Stored dataset items:
========================
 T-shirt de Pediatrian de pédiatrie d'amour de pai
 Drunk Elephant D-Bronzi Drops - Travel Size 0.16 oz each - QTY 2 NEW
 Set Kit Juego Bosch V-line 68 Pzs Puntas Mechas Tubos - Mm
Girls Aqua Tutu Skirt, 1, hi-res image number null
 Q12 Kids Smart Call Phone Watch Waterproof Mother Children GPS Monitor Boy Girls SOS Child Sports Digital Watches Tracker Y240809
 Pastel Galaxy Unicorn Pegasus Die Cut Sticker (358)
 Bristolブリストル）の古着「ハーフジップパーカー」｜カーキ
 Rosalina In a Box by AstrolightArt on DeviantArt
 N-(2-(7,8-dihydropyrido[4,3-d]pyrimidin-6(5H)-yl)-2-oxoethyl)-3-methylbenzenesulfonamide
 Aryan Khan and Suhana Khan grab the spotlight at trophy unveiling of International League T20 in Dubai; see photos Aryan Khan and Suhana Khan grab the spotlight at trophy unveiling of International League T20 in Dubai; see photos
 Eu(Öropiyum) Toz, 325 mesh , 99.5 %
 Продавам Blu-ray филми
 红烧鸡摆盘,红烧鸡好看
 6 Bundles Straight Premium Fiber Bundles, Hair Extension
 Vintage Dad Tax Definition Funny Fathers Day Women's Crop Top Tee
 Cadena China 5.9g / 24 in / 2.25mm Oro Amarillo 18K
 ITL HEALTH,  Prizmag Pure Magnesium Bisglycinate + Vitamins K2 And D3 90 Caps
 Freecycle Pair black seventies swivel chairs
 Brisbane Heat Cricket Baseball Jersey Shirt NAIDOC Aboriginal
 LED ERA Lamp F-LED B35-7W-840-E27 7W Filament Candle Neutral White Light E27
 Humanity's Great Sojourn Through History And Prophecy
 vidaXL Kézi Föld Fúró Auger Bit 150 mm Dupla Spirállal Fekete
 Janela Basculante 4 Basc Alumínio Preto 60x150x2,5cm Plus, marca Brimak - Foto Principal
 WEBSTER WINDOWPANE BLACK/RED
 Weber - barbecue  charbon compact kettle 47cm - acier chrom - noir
========================
*Task statement*: Output every record above, exactly as written.

*Response to the exercise*:
 T-shirt de Pediatrian de pédiatrie d'amour de pai
 Drunk Elephant D-Bronzi Drops - Travel Size 0.16 oz each - QTY 2 NEW
 Set Kit Juego Bosch V-line 68 Pzs Puntas Mechas Tubos - Mm
Girls Aqua Tutu Skirt, 1, hi-res image number null
 Q12 Kids Smart Call Phone Watch Waterproof Mother Children GPS Monitor Boy Girls SOS Child Sports Digital Watches Tracker Y240809
 Pastel Galaxy Unicorn Pegasus Die Cut Sticker (358)
 Bristolブリストル）の古着「ハーフジップパーカー」｜カーキ
 Rosalina In a Box by AstrolightArt on DeviantArt
 N-(2-(7,8-dihydropyrido[4,3-d]pyrimidin-6(5H)-yl)-2-oxoethyl)-3-methylbenzenesulfonamide
 Aryan Khan and Suhana Khan grab the spotlight at trophy unveiling of International League T20 in Dubai; see photos Aryan Khan and Suhana Khan grab the spotlight at trophy unveiling of International League T20 in Dubai; see photos
 Eu(Öropiyum) Toz, 325 mesh , 99.5 %
 Продавам Blu-ray филми
 红烧鸡摆盘,红烧鸡好看
 6 Bundles Straight Premium Fiber Bundles, Hair Extension
 Vintage Dad Tax Definition Funny Fathers Day Women's Crop Top Tee
 Cadena China 5.9g / 24 in / 2.25mm Oro Amarillo 18K
 ITL HEALTH,  Prizmag Pure Magnesium Bisglycinate + Vitamins K2 And D3 90 Caps
 Freecycle Pair black seventies swivel chairs
 Brisbane Heat Cricket Baseball Jersey Shirt NAIDOC Aboriginal
 LED ERA Lamp F-LED B35-7W-840-E27 7W Filament Candle Neutral White Light E27
 Humanity's Great Sojourn Through History And Prophecy
 vidaXL Kézi Föld Fúró Auger Bit 150 mm Dupla Spirállal Fekete
 Janela Basculante 4 Basc Alumínio Preto 60x150x2,5cm Plus, marca Brimak - Foto Principal
 WEBSTER WINDOWPANE BLACK/RED
 Weber - barbecue  charbon compact kettle 47cm - acier chrom - noir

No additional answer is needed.